2. 502.2 Vehicle Spaces designates universal design for the accessible van parking space (11-foot-wide parking space with 5-foot-wide access aisle). The original guideline of 8 feet for the parking space and 8 feet for the access aisle is still allowed in existing striped situations.
3. 502.6 Identification requires signage to state “van accessible” versus just the word “van.” The advisory explains that just using “van” changes the meaning of the sign, making it more restrictive when the intent is to inform.
Changes in scoping
1991 Standards require a specified number of parking spaces to be accessible. 2010 Standards include updates to those scoping requirements (see 208.2.4 Van Parking Spaces above).

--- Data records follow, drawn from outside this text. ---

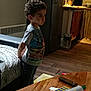 Anis participe au concours pour gagner de l'argent avec cette photo : child, boy, curly_hair, indoor, living_room, kitchen, toy, cash_register, remote_control, wooden_table, couch, blanket, floor, water_bottles, cabinet, shirt, jeans, standing, puffed_cheeks, hands_behind_back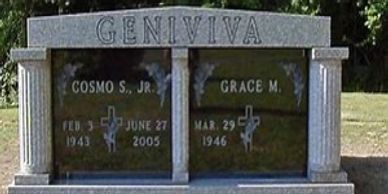A two-crypt gray granite mausoleum with black granite doors. 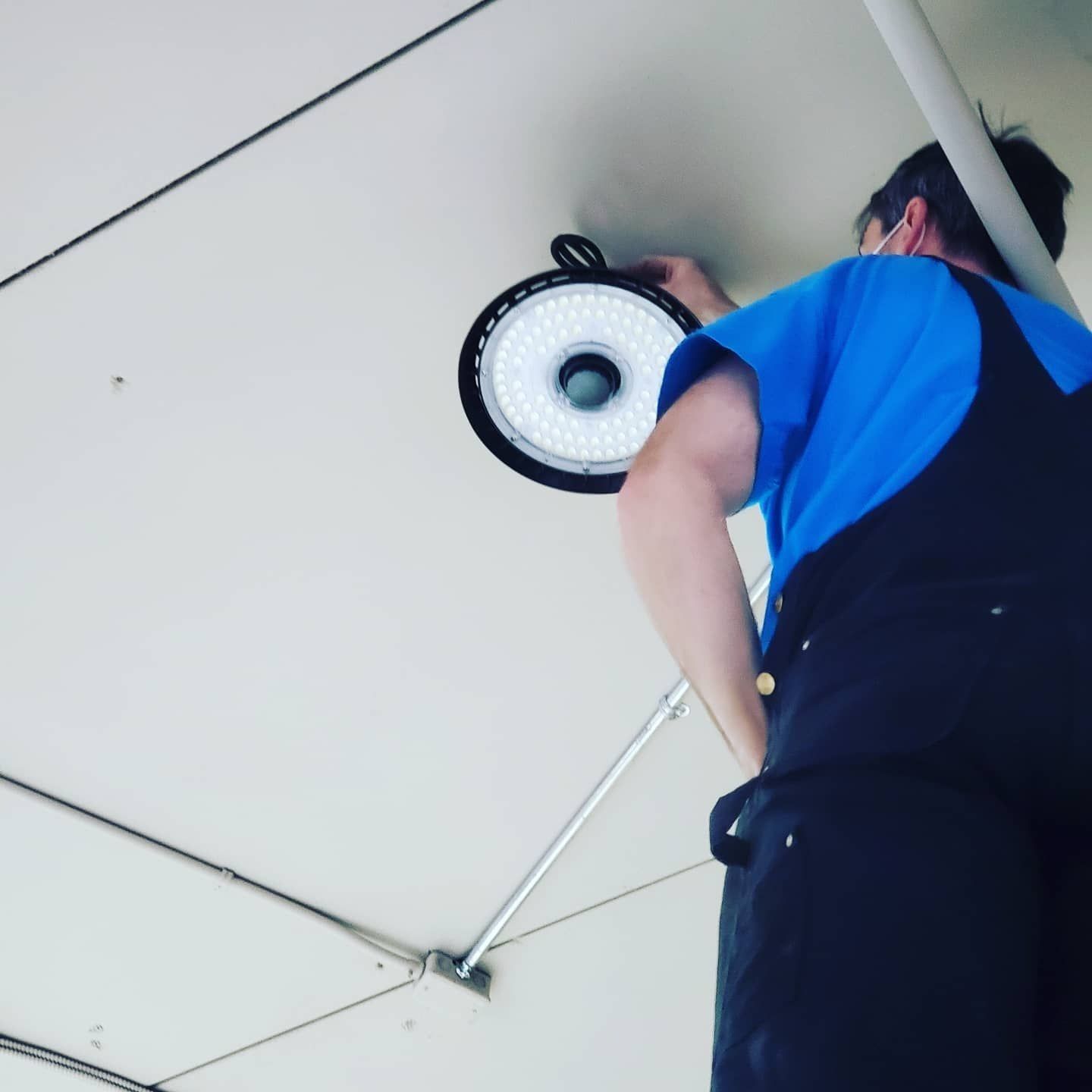 Person in a blue shirt replacing a ceiling light fixture.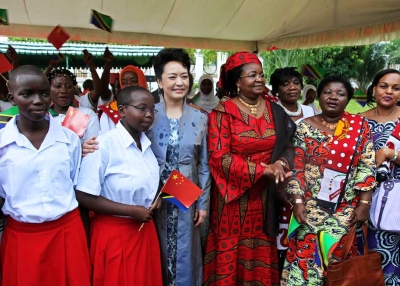 China's First Lady, Peng Liyuan (L), and her Tanzanian counterpart Salma Kikwete (R) on a joint visit to the Wanawake na Maendeleo Foundation (WAMA) offices in Dar Es Salaam, Tanzania, on March 25, 2013. (John Lukuwi/AFP/Getty Images) 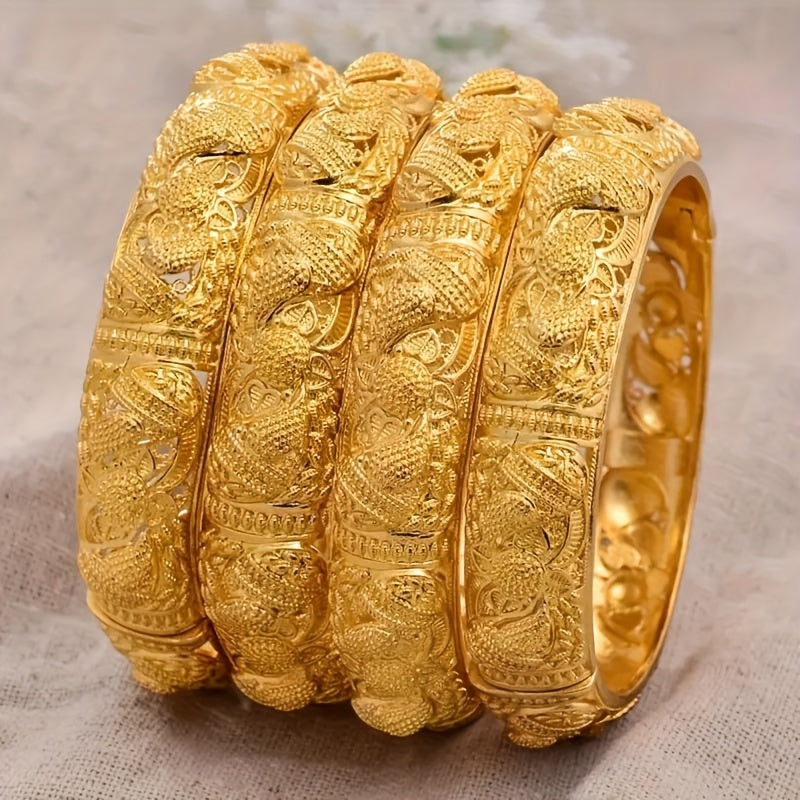 Handcrafted from 24K gold plated copper, this cuff bracelet features a tribal luxury hollow flower design. It makes for a stunning traditional engagement or wedding jewelry gift for women, with no mosaic material used in its creation. Perfect for daily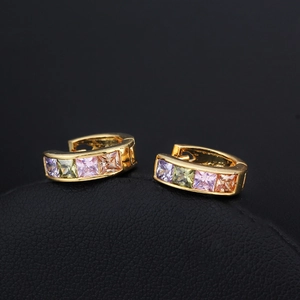 Macro shot of colorful square-cut zircon stones set in 18K gold-plated hoop earrings
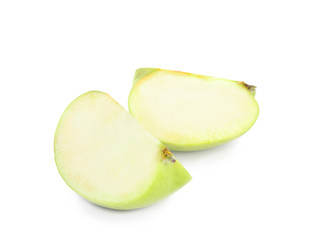 Pieces of fresh green apple on white background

Find them in Chapter 202 Existing Buildings and Facilities, section 208 Parking Spaces. Access the standards here.
Read the advisories!
Some of the greatest additions to the new guidelines are the highlighted advisory comments immediately below the actual guidelines. You must read the advisories to better understand how to comply with the regulations. For example, 502.7 Relationship to Accessible Routes clearly states that parked vehicles cannot obstruct the access routes. The advisory helps by suggesting an option that prevents vehicles from intruding into the width of the access route. Check out the full standard in section 502, along with the related advisories.
I’m wishing you success in all you are doing to improve the world we live in.